* **Work instruction**: Every line of the data below is to be given again as it appears, with the images removed.

* **Provided material**:
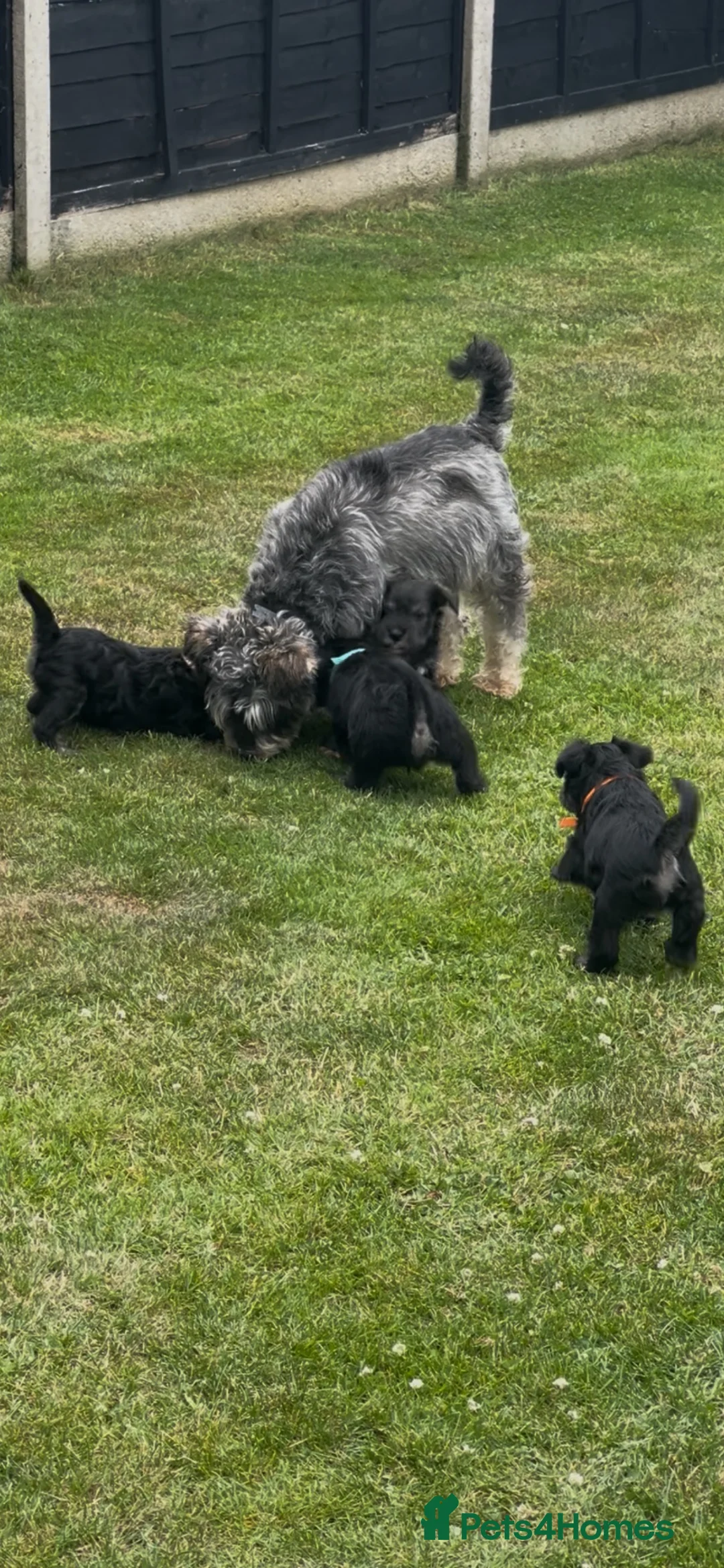 Miniature Schnauzer dogs for sale: Stunning miniature schnauzer puppies  - Advert 12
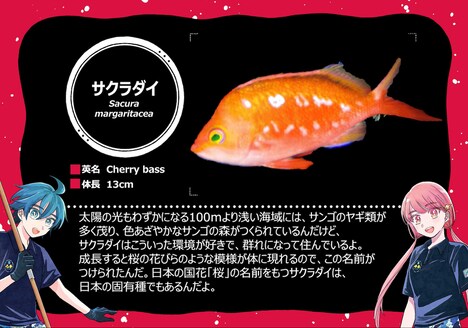 「マグメル深海水族館」仕様の種名板。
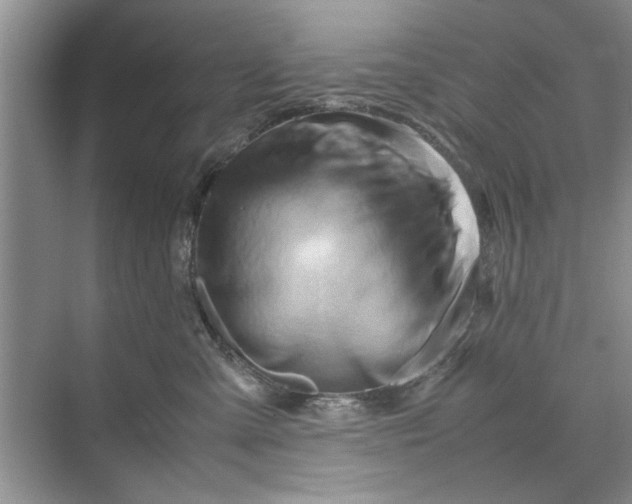 X0000070210427200606091629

* **The completed task**:
 Miniature Schnauzer dogs for sale: Stunning miniature schnauzer puppies  - Advert 12
 「マグメル深海水族館」仕様の種名板。
 X0000070210427200606091629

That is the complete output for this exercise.